Heat shock protein expression in acute lethal Clara cell injury and the development of tolerance

Toxic injury in the lung can come from a variety of sources. Xenobiotics can act directly in the lung, such as ozone, or may require metabolism into toxic intermediates by Clara cells, the primary metabolically active cells within the lung. Naphthalene (NA), a polycyclic aromatic hydrocarbon abundant in tobacco smoke and the emissions of the internal combustion engine, is a prototypical bioactivated Clara cell toxicant.
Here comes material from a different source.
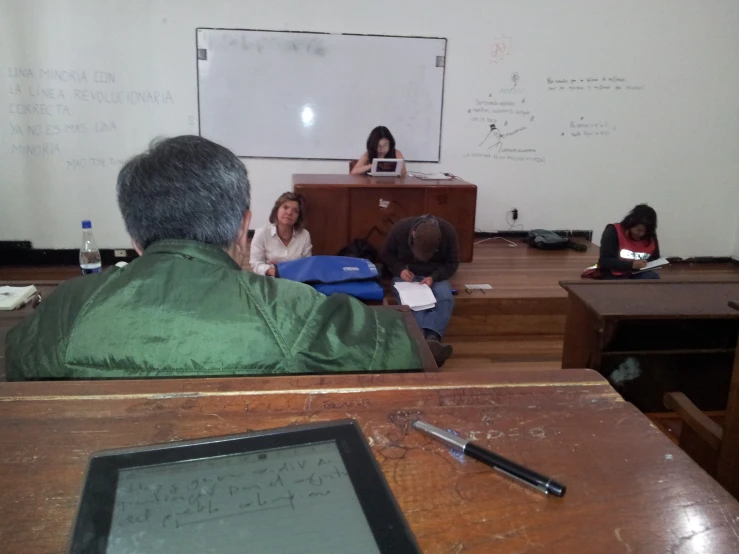 two adults watching a presentation while others sit in front of them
Much is known about the progression of acute Clara cell injury after a single exposure to NA as well as the in the development of tolerance to repeated exposures to NA. In contrast, relatively little is known about the expression pattern of potentially protective proteins during the acute injury and development of tolerance. The objective of this dissertation was to investigate the expression of one such class of proteins, heat shock proteins (Hsps), in the lung after acute NA-induced Clara cell injury and in the development of the tolerant lung. Further, their expression is related to changes in airway epithelial intracellular glutathione (GSH) pools.; Expression of Hsps in Clara cells after acute NA injury precedes the onset of organelle alterations by ultrastructure, but is closely tied to the onset of GSH depletion and protein adduction by metabolites of NA. Expression is down-regulated after cell exfoliation, during repair. Early in the development of tolerance (1–3 days exposure), there is continued up-regulation of Hsps in the target epithelium. After 4–7 days of consecutive NA exposure Hsps are down-regulated, coincident with the reported up-regulation of GSH biosynthesis. We established the importance of GSH levels to induction of Hsp synthesis in airway epithelial cells. When GSH is depleted from the airway epithelium using the non-toxic chemical depletor diethylmaleate (DEM), there is rapid up-regulation of Hsp 72 in association with intracellular GSH depletion. Lastly, we show that the actin cytoskeleton of Clara cells is altered in response to NA injury. The small Hsp, Hsp 25, co-localizes with the cytoskeletal fraction by Western blot analysis and shifts in distribution in the bronchiolar ciliated cells toward the cell periphery in response to the disrupted Clara cell actin 2hrs post-NA.